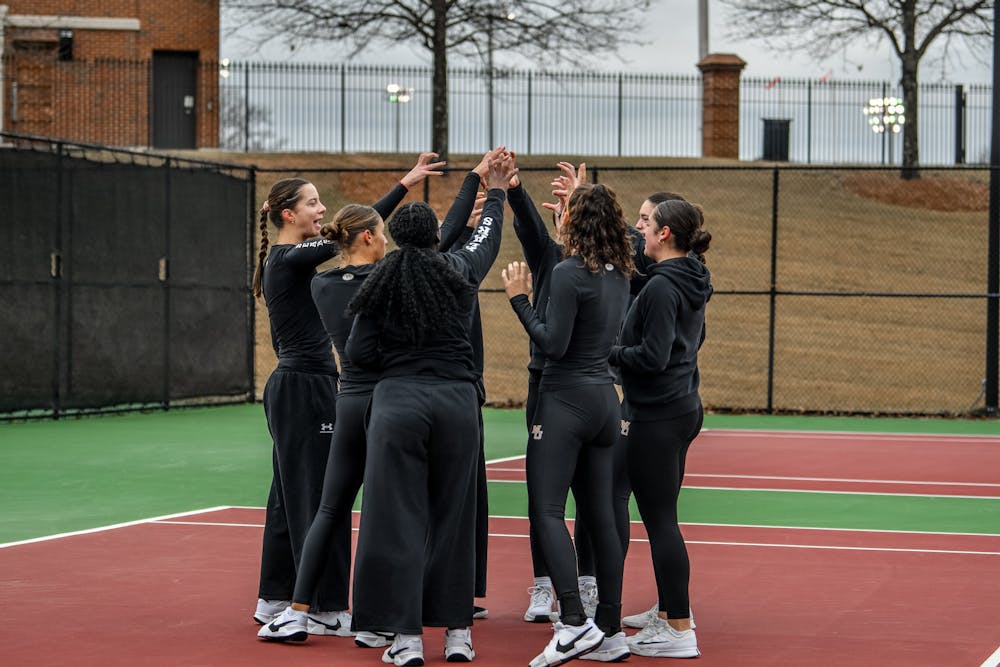 The women's tennis team meets together during a match against the College of Charleston on Jan. 24.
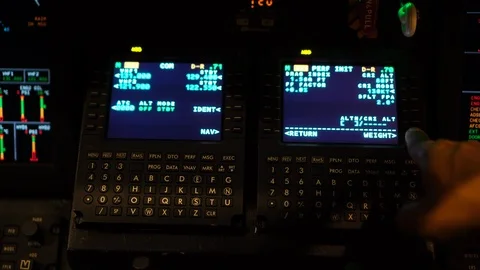 A hand of a pilot pressing button of flight management computer at night time. Stock Footage 109187177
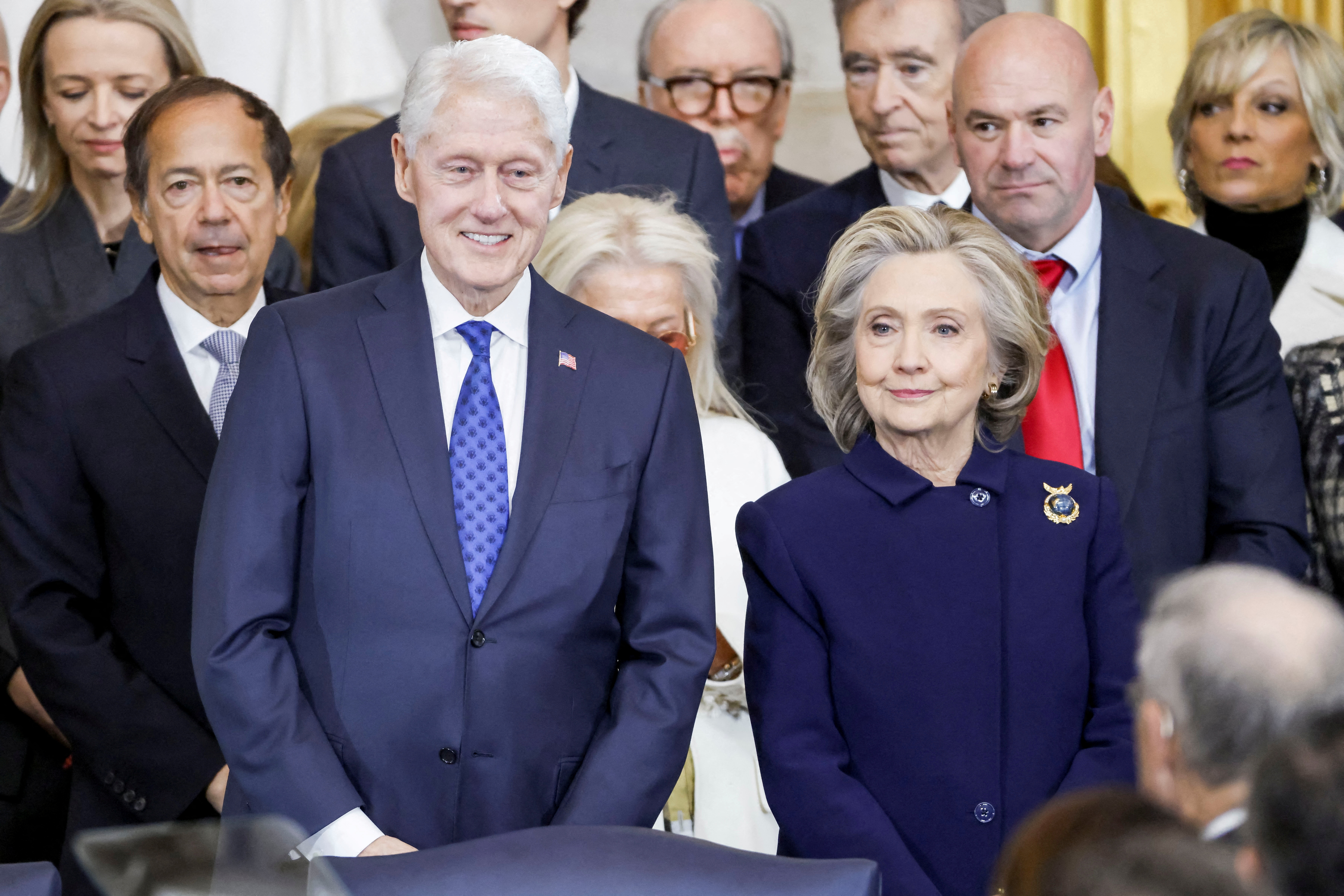 Former U.S. President Bill Clinton and former U.S. Secretary of State Hillary Clinton arrive for Donald Trump's inauguration as the next President of the United States in the Rotunda of the United States Capitol in Washington, U.S., January 20, 2025.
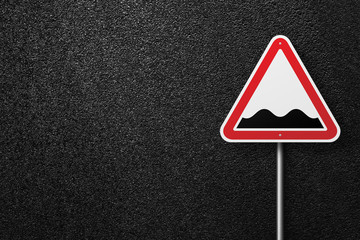 Road sign of the triangular shape on a background of asphalt. Rough roads. The texture of the tarmac, top view.
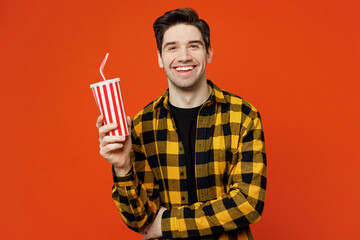 Young caucasian man he wear yellow checkered shirt black t-shirt hold in hands cup of soda pop cola fizzy water look camera isolated on plain red orange background studio portrait. Lifestyle concept. - obrazy, fototapety, plakaty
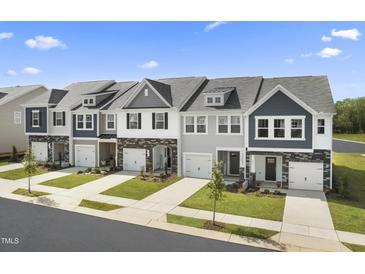 Charming townhomes with manicured lawns and attractive exteriors along a tree-lined street at 12 Lavender Ln, Clayton, NC 27520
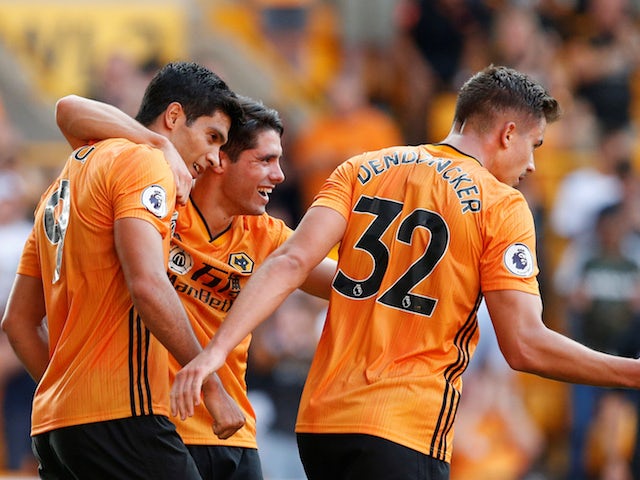 Wolverhampton Wanderers' Raul Jimenez celebrates scoring their first goal with teammates on August 25, 2019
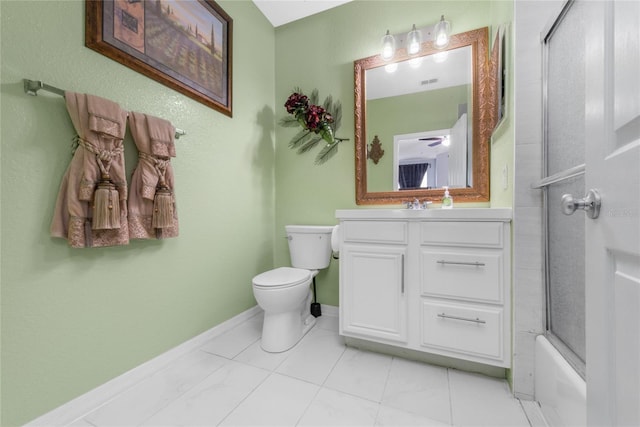 full bathroom with vanity, shower / bath combination with glass door, tile patterned flooring, ceiling fan, and toilet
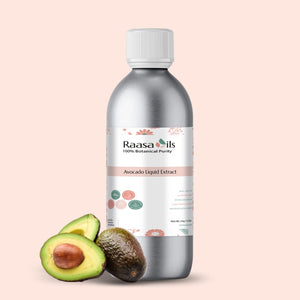 Bottle of Raasa Oils Avocado Liquid Extract with two avocados on a beige background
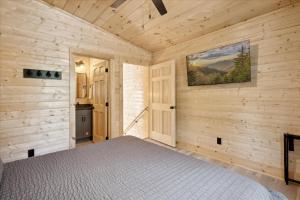 a bedroom with a bed in a wooden room at Green & Black Bear Cabins By Beyond Expectations in Sevierville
______________________________
• _DIRECTIONS_
If the data includes images, skip them and copy every line exactly.

• _REPLY TO THE TASK_
 The women's tennis team meets together during a match against the College of Charleston on Jan. 24.
 A hand of a pilot pressing button of flight management computer at night time. Stock Footage 109187177
 Former U.S. President Bill Clinton and former U.S. Secretary of State Hillary Clinton arrive for Donald Trump's inauguration as the next President of the United States in the Rotunda of the United States Capitol in Washington, U.S., January 20, 2025.
 Road sign of the triangular shape on a background of asphalt. Rough roads. The texture of the tarmac, top view.
 Young caucasian man he wear yellow checkered shirt black t-shirt hold in hands cup of soda pop cola fizzy water look camera isolated on plain red orange background studio portrait. Lifestyle concept. - obrazy, fototapety, plakaty
 Charming townhomes with manicured lawns and attractive exteriors along a tree-lined street at 12 Lavender Ln, Clayton, NC 27520
 Wolverhampton Wanderers' Raul Jimenez celebrates scoring their first goal with teammates on August 25, 2019
 full bathroom with vanity, shower / bath combination with glass door, tile patterned flooring, ceiling fan, and toilet
 Bottle of Raasa Oils Avocado Liquid Extract with two avocados on a beige background
 a bedroom with a bed in a wooden room at Green & Black Bear Cabins By Beyond Expectations in Sevierville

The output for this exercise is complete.